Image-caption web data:
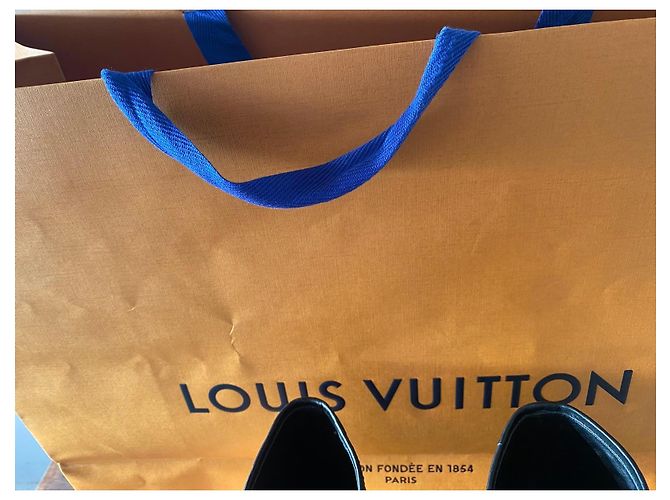 Botas Louis Vuitton de cuero negro - vista 5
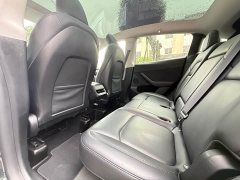 Tesla Model Y rear-wheel drive version - фото 10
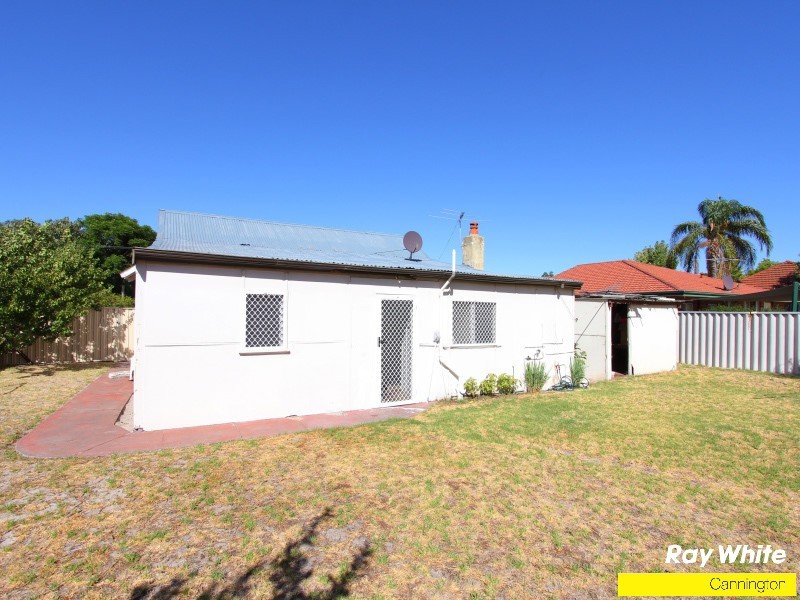 38 Streatham Street, Beckenham WA 6107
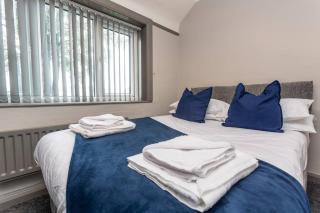 Stylish House - Close to City Centre - Free Parking, Super-Fast Wifi and Smart TVs by Yoko Property - Middlesbrough - 8
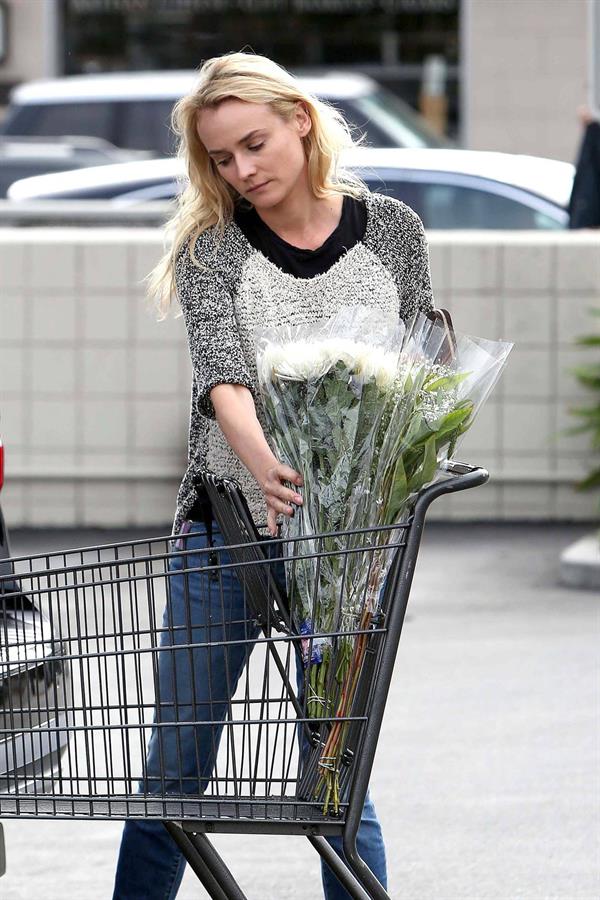 Diane Kruger Step out for a quick trip to a local Gelson's Maker in Hollywood on May 8, 2013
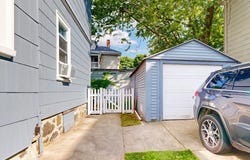 14 Bayard St, Boston, MA 02134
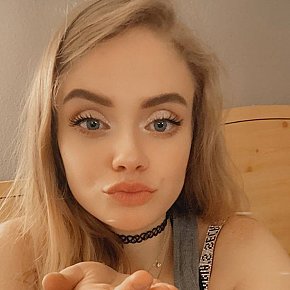 Kimora-schneider Sin Operar escort in Edmonton offers Venida en la boca
 services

YOUR OBJECTIVE:
Print again, exactly, the lines of the records above from the first line through the line with "Stylish House - Close". No pictures.

RESPONSE AREA:
 Botas Louis Vuitton de cuero negro - vista 5
 Tesla Model Y rear-wheel drive version - фото 10
 38 Streatham Street, Beckenham WA 6107
 Stylish House - Close to City Centre - Free Parking, Super-Fast Wifi and Smart TVs by Yoko Property - Middlesbrough - 8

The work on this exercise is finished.